The measure of success is not whether you have a tough problem to deal with, but whether its the same problem you had last year. (John Foster Dulles)
If this is true (that revenue is OK), then we need to look at the effectiveness of your business. This is such a big area it can be hard to know where to start. Often people know about a particular area, so that gets their focus. But in high-level terms, there are some foundational issues that need to be explored. Ideally this is done in a logical, structured way. Owners of SME's generally don't have the time and resources to either do this themselves, or to select and pay someone with appropriate skills to do this reliably for them. However, having the bigger picture in mind can ensure that effort spent on an area is consistent with the long term picture.
Many attribute a saying to Gary Player - but he was simply quoting an earlier player, who it seems also borrowed the saying. Although there is doubt about who said it first, there is no doubt about the meaning: The harder I practise the luckier I get. In business you do get lucky breaks from time to time - but in general the second law of thermodynamics rules. Left to itself the path is downwards. So if you want to move your business onwards and upwards, you (and nobody else) must drive it forward.

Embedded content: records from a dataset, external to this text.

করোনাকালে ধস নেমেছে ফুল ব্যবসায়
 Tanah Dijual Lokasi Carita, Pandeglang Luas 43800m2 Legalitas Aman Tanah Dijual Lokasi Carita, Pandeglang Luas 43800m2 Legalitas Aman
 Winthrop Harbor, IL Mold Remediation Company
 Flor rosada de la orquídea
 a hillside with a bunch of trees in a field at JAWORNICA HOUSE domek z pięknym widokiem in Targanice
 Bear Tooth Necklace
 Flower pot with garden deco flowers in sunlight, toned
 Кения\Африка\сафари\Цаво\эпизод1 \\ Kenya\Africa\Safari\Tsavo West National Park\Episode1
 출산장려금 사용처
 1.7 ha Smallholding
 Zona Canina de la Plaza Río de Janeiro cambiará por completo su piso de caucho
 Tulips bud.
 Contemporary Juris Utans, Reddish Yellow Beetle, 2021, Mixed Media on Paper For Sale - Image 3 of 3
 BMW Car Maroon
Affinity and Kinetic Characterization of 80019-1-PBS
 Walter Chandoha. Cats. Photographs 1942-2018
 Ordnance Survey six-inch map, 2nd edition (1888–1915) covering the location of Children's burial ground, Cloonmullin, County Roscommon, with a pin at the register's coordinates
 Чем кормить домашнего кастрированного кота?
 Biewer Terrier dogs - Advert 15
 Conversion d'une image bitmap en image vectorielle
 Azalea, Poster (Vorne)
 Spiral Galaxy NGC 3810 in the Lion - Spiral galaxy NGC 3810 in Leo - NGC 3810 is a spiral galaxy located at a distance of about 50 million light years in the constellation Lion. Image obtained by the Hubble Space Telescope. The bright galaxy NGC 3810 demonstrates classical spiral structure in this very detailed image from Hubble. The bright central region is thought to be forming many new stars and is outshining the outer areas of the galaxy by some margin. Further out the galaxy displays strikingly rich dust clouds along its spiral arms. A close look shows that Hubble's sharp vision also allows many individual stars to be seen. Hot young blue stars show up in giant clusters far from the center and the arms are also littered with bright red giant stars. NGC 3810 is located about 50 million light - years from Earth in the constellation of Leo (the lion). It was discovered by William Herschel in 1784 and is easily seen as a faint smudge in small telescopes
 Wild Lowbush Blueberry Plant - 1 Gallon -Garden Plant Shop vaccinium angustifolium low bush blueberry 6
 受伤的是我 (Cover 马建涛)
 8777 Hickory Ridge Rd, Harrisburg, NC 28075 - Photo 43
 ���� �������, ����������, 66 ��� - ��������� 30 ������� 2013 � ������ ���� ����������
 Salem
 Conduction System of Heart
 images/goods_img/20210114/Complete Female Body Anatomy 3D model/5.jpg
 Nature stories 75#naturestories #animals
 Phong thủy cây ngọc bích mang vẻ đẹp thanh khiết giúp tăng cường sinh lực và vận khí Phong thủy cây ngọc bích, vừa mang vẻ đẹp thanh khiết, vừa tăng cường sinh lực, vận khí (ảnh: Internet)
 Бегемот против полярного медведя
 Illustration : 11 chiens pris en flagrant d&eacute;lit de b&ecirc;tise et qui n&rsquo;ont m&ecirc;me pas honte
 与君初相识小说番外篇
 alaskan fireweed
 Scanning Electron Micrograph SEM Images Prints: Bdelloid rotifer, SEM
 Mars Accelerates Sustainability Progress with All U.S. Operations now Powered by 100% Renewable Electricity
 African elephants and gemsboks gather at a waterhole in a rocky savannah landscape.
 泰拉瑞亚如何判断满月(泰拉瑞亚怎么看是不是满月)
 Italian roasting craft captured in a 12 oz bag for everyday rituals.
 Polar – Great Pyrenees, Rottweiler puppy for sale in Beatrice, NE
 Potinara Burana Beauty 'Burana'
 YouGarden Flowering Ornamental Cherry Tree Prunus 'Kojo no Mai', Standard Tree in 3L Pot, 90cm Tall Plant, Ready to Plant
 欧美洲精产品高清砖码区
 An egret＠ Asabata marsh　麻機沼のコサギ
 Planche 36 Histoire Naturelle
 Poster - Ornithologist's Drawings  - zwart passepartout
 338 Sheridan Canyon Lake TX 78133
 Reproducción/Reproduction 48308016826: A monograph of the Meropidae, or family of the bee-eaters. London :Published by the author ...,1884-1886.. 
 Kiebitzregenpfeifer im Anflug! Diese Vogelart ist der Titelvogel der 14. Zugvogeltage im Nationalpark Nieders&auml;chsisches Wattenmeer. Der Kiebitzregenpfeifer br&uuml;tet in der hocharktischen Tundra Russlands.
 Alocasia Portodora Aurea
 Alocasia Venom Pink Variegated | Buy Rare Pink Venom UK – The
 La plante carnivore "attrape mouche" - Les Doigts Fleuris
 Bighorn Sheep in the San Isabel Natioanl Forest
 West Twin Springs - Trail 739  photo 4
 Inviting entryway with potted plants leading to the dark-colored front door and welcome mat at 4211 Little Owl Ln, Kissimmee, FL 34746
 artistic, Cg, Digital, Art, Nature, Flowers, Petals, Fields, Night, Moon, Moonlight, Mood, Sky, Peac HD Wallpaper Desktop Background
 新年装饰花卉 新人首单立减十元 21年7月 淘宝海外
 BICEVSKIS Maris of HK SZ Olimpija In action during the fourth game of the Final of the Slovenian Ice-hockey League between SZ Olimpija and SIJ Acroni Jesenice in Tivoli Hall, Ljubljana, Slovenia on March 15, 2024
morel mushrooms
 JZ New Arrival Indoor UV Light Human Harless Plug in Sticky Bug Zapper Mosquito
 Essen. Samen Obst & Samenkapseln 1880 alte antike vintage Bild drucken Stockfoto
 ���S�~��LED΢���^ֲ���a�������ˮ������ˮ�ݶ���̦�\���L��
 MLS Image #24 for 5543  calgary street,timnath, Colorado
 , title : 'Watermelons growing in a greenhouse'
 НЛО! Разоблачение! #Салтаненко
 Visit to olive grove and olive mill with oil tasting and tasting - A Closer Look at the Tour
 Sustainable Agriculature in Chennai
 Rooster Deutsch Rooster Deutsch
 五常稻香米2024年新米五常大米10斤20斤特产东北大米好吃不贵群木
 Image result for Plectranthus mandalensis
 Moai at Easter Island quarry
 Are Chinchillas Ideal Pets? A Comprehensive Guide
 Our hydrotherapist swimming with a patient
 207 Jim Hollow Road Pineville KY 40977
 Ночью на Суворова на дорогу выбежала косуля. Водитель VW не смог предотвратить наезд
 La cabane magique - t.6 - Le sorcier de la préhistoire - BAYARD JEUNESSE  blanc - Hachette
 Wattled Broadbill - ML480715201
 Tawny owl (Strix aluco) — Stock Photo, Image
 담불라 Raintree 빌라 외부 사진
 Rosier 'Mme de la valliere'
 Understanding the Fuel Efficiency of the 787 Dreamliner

At a very high level, here are some basic issues many business owners neglect, but are part of the way forward.
Develop a mission and goals. Understanding the real purpose of being in business can help you build better processes, develop business plans, set goals and build understanding and trust with both team members and customers.
Understand your strengths, weaknesses, opportunities and threats (SWOT). A SWOT analysis helps to improve problem areas and use what you do well to full advantage. As well as looking at you and your business, It involves an analysis of your industry, competition and customers. It measures your current operational performance - so is best to be conducted regularly, to ensure trends are picked up.
Work ON not IN the business. Being stuck doing the day-to-day activities means you don’t have time to implement any new ideas. Step back and look at your business objectively to see what needs to be improved to help it grow. Free yourself up to implement those new strategies.
Systematise processes. This frees up more of your time to work ON the business. It makes the business run smoothly, and creates a consistent way of doing things for team members. It makes your business more valuable because it doesn’t have to depend entirely on you to operate.
Build a team. A ‘team’ is important to creating a positive work environment. Involve your team in growing your business. Having systems and delegating responsibility makes team members feel valued and motivated. Training is critical for empowering and keeping good team members.